Third-grader Kolston Moradi was waiting to be picked up from Equestrian Trails Elementary School on Nov. 1 when in a “freak accident” his freshly sharpened pencil stabbed into his arm near his armpit as he sat down — without him feeling a thing, according to a Palm Beach County School District news release.
When 8-year-old Kolston realized what happened, he pulled out the pencil and told reading teacher Mandi Kapopoulos and ESE coordinator Elizabeth Richards. Kapopoulos used her sleeve as a tourniquet on Kolston’s arm as Richards, who studied nursing before deciding to be a teacher, ran to find gloves so she could apply pressure to the wound.
“My shirt was drenched (with blood),” Kapopoulos said. “And there was a trail of blood all over the floor.”
Richards laid down on the floor with Kolston, trying to keep him calm as she continued to apply pressure. “I just focused on Kolston,” she said. “I kept telling him, ‘You’ve got this. It’s going to be OK.’”
As the teachers waited with Kolston for emergency crews to arrive, his mother Annalisa Moradi was outside waiting in line to pick up her son when the school called and asked her to come inside. “When I saw the ambulance, my heart sank,” she said.
Equestrian Trails Principal Michelle Johnson walked Moradi to Kolston, who was being tended to by first responders. Moradi said she didn’t realize how serious the incident was until Kolston was in the ambulance: The pencil had sunk six inches into his arm, puncturing an artery.

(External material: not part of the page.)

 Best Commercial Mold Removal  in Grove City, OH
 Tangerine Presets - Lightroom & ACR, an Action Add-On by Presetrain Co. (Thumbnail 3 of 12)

“The EMT told me that if the teachers hadn’t acted as quickly as they had, my son would be dead,” Moradi said.
While Kolston got two staples in his arm and “was insistent that he return to school the next day,” the school district said his fellow Equestrian Trails students got a reminder to always keep their pencils in their pencil cases.
“You are sending your most cherished people to school, and I know I can send them school and never have another worry about their safety,” Moradi said. “There are no words to say thank you enough. Equestrian Trails and (these teachers) will be with us the rest of our lives.”